Rhys Anil Madden, Department of Anthropology, The London School of Economics and Political Science

 Rhys is an ESRC-funded PhD student in Anthropology at the LSE. He is interested in people’s ideas about the coastal commons and its future, particularly with regards to climate change, managed retreat, coastal recreation and habitat restoration.

Ricardo Paris, Institute of Development Research and Development Policy / Institute of Geography
Ruhr-Universität Bochum

Ricardo Paris is a PhD candidate at Ruhr University Bochum in International Development Studies at the Institute of Development Research and Development Policy (IEE), member of the Research Group Interdisciplinary Geoinformation Sciences.

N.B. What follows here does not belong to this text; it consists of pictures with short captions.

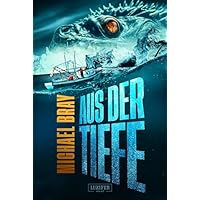 AUS DER TIEFE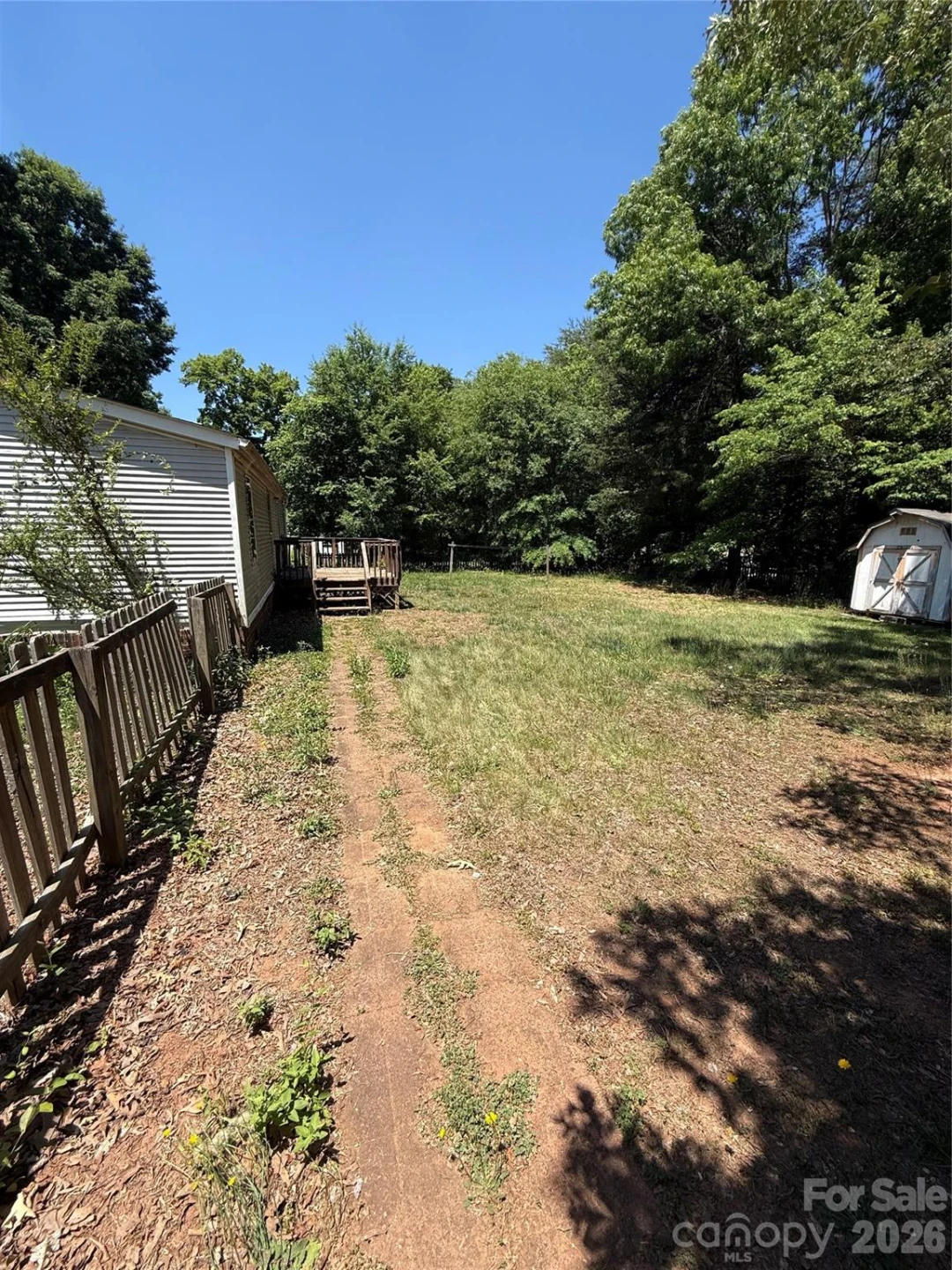 6237 Burnhurst Lane - Photo 10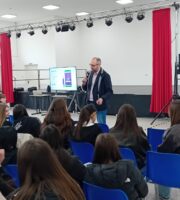 Tracce | Impresa, Valore & Territorio a Circello | 5 maggio 2026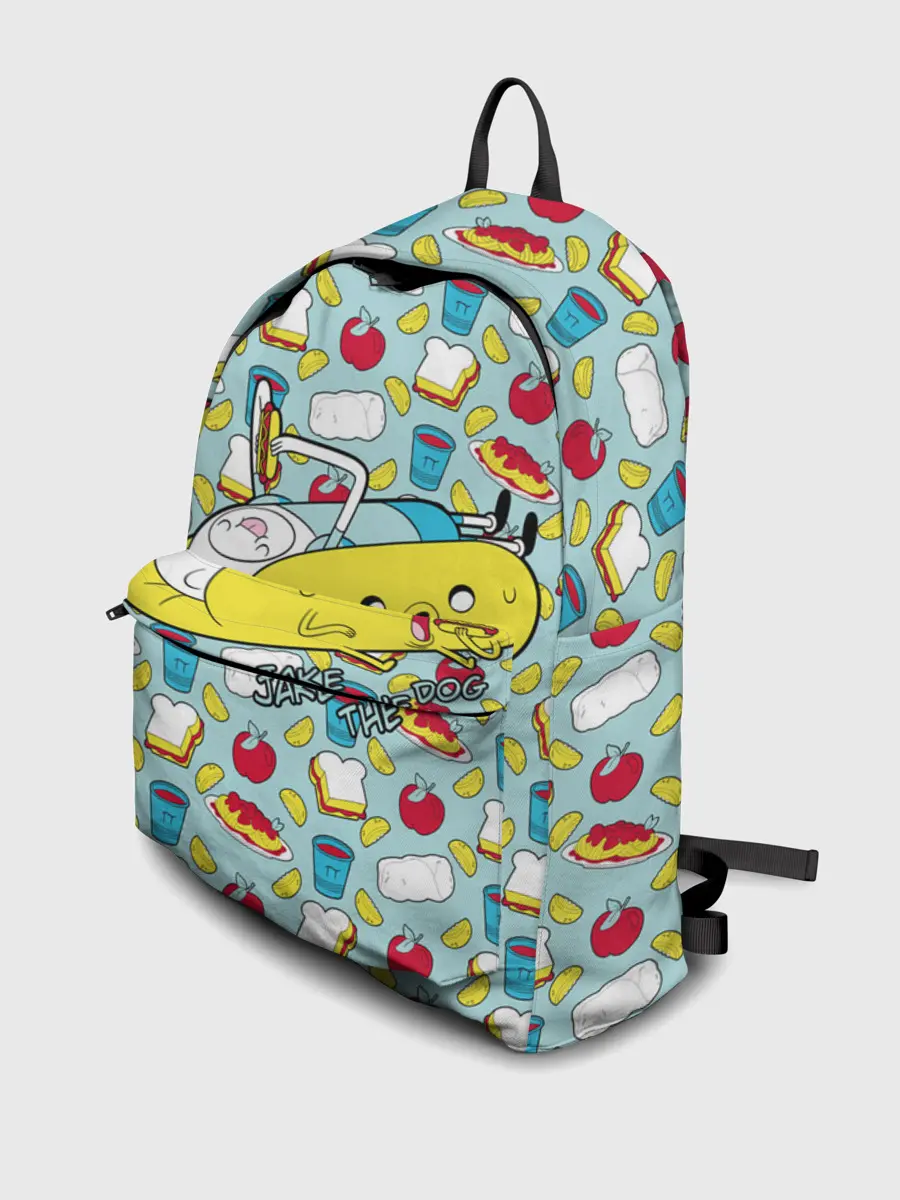  / 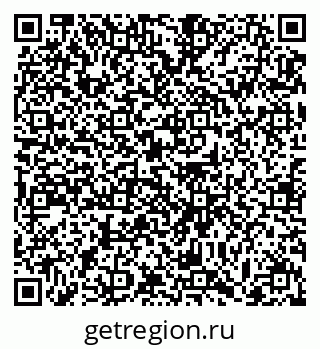 79063388908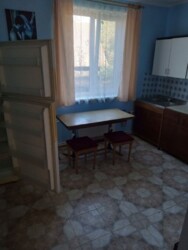 ������� ������� ³�����, ³������� ���� 2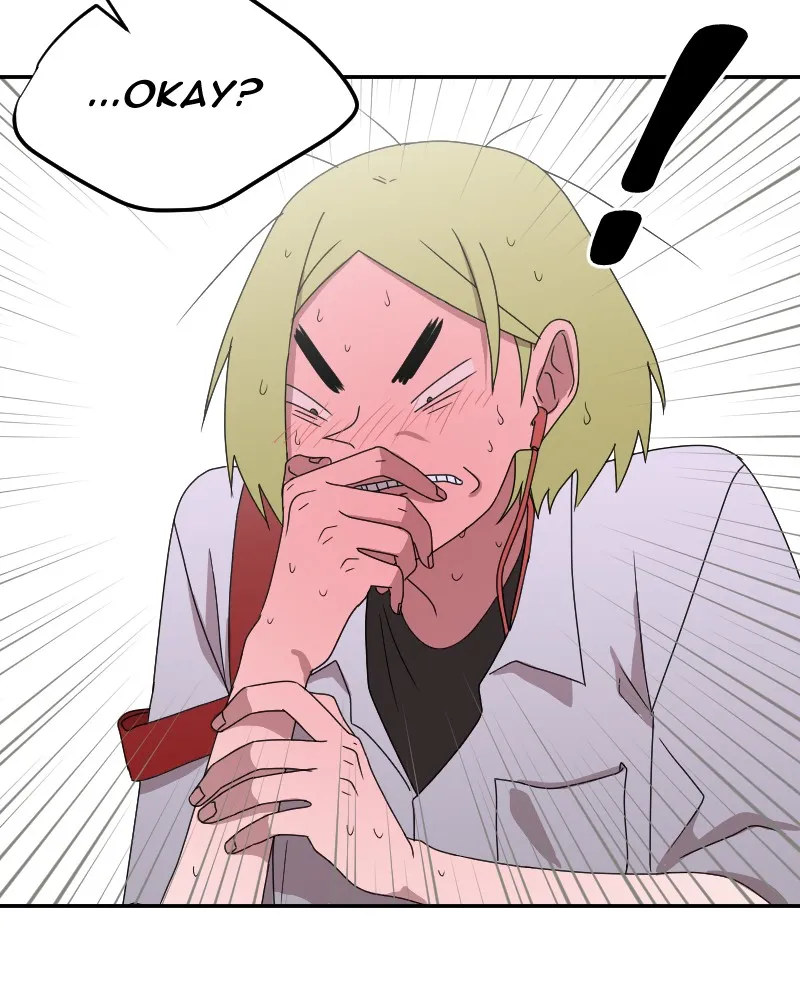 Version Day and Night Chapter 4 page 147 - 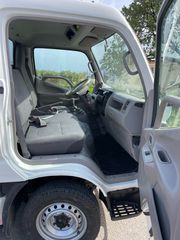 Ανατροπή Toyota 2010 DYNA 100-thumb-11
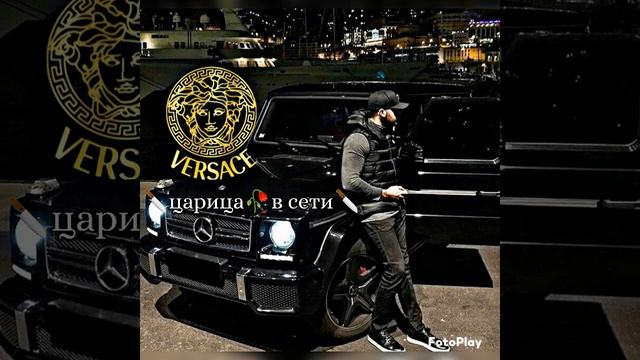 Пусть😞 наша жизнь❤ течёт💧 рекою🌊 любую без преград✊ смотреть онлайн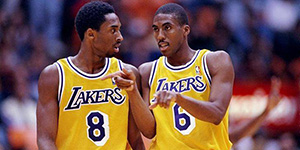 埃迪琼斯生涯荣誉一览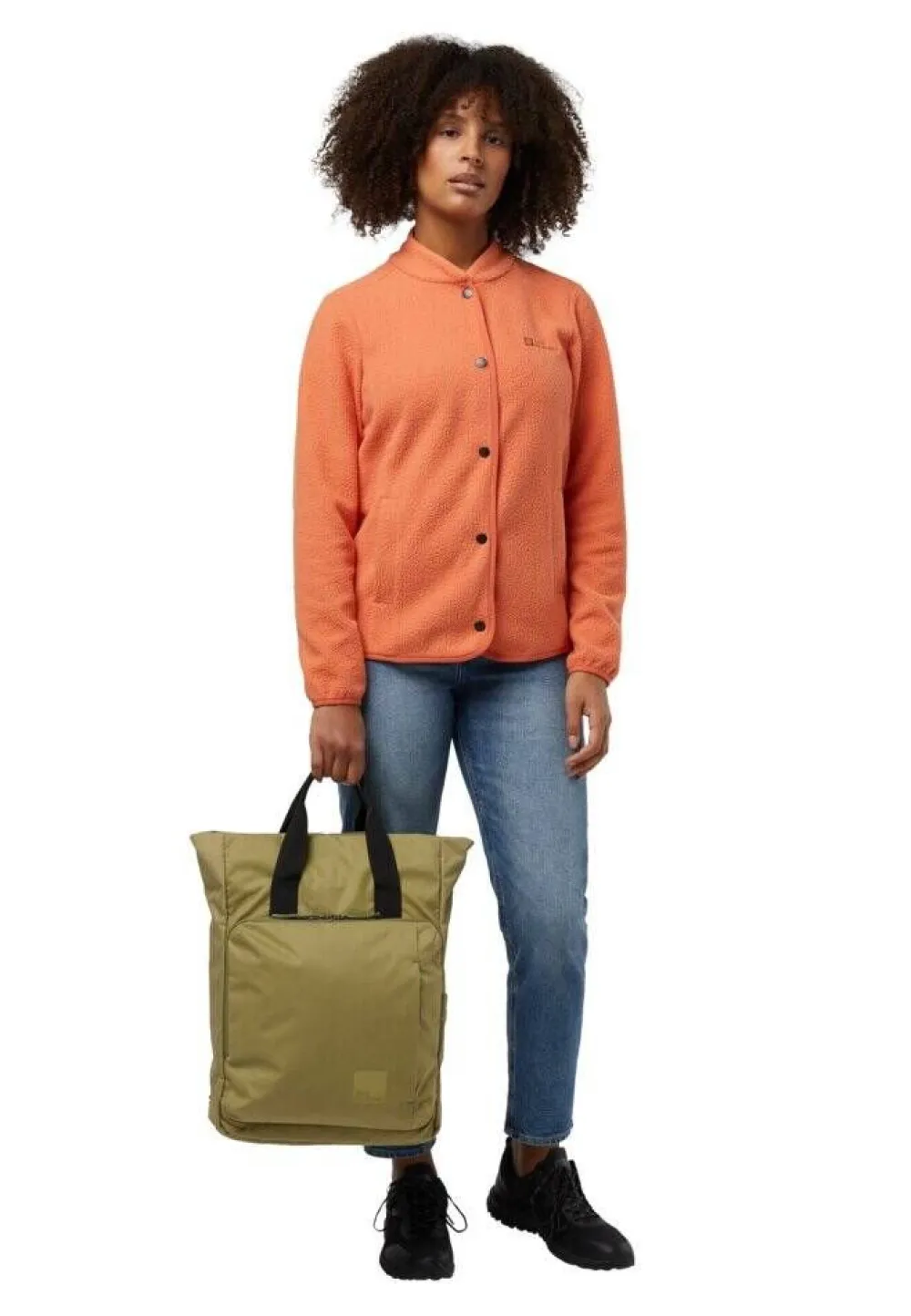 reppu Hoellenberg 20 l>Jack Wolfskin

His present work is focused on territorial transformations and mega-infrastructures in northern Mozambique.

Juan Antonio Samper, Lund University Center for Sustainability Studies

Juan is a doctoral researcher at Lund University´s Centre for Sustainability Studies. He is currently conducting ethnographic research about the defense of the territory in the Colombian Amazon.

Lea Marie Sasse, Department of Media and Social Sciences, University of Stavanger

Lea Marie Sasse is a PhD candidate at the Department of Media and Social Sciences at the University of Stavanger, researching trans-local justice implications of the transition to electric vehicles. The project explores the tensions and meanings associated with the siting of a gigafactory in Germany and the development of mineral extraction in Argentina. She holds a Master’s degree in Economic Development from Lund University. Her research interests lie in development studies, energy geographies and political ecology.